According to an incident report from the Air Accidents Investigation Branch (AAIB) in the UK, a passenger plane that departed from Miami International on 1 October 2020 was preparing to land at London Heathrow when a passenger noticed a “sulfur” smell.
The report said the incident occurred about 40 minutes prior to landing when a crew announcement woke the passenger, who moved her seat from the flat-bed position to an upright position before standing to use the bathroom.
A cabin crew member asked the passenger to stow her bedding before she left her seat, which revealed a charging cable plugged into the seat socket with the other end down the side of the seat.
She said she noticed a strong smell, which she described as “sulfur” and attracted the attention of another cabin crew member.
“At this point, they heard a “hissing” sound and a large plume of grey smoke emitted from the seat in a “tornado” motion,” the report said.
“They remembered seeing an orange glow in the seat area amongst the smoke.”
The cabin crew worked fast to switch off the power to the seat and fetch a fire extinguisher and fire gloves.
According to the report, they pulled back the padding of the seat revealing the passenger’s iPhone was caught in the seat mechanism.
“She discharged several bursts of BCF into the device. The crew member then collected a water extinguisher and filled an ice bucket with water,” the report said.
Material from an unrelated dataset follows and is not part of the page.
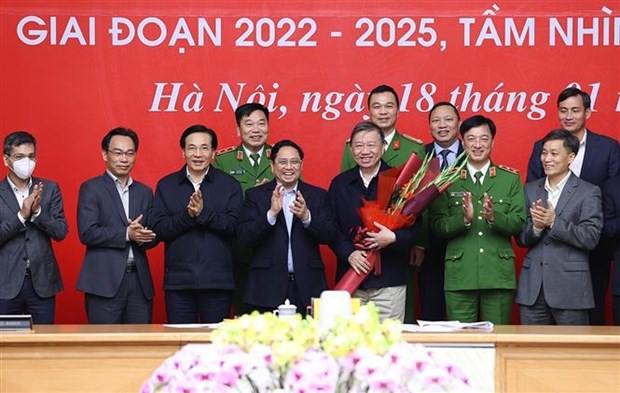 PM believes in public, business support for national digital transformation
“After the [crew member] had discharged the BCF, the smoke quickly dissipated and the crew were able to clearly see a red mobile phone trapped in the seat mechanism.”
“The crew attempted to remove the device but it was jammed. There was very little heat coming from the device. They checked for secondary heat sources but did not find any.”
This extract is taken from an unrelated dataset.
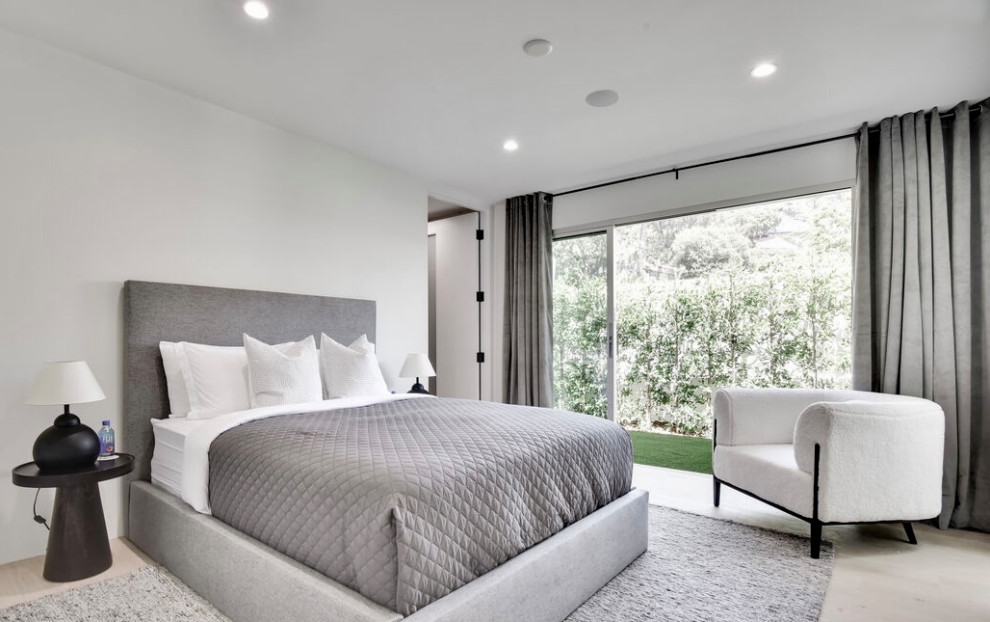 На фото: гостевая, серо-белая спальня среднего размера, (комната для гостей), в светлых тонах в современном стиле с белыми стенами, светлым паркетным полом и бежевым полом без камина с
Just to be sure, a crew member stuck close to the seat for the remaining 20 minutes of the flight with an extinguisher ready, the report noted.
The flight was met by firefighters upon landing at Heathrow, who were able to remove the device from the seat.
There was no damage to the aircraft, but the AAIB used the incident to remind passengers to be cautious when using electronic devices while flying.
The report noted that the “operator’s operations manual” states that devices can be used throughout the flight, but must be switched off and disconnected when not in use and must be charging while the passenger is sleeping.
Data from the Civil Aviation Authority shows 166 previous reports of devices becoming trapped in passenger seats over the past five years, with 42 resulting in fire or smoke in the cabin.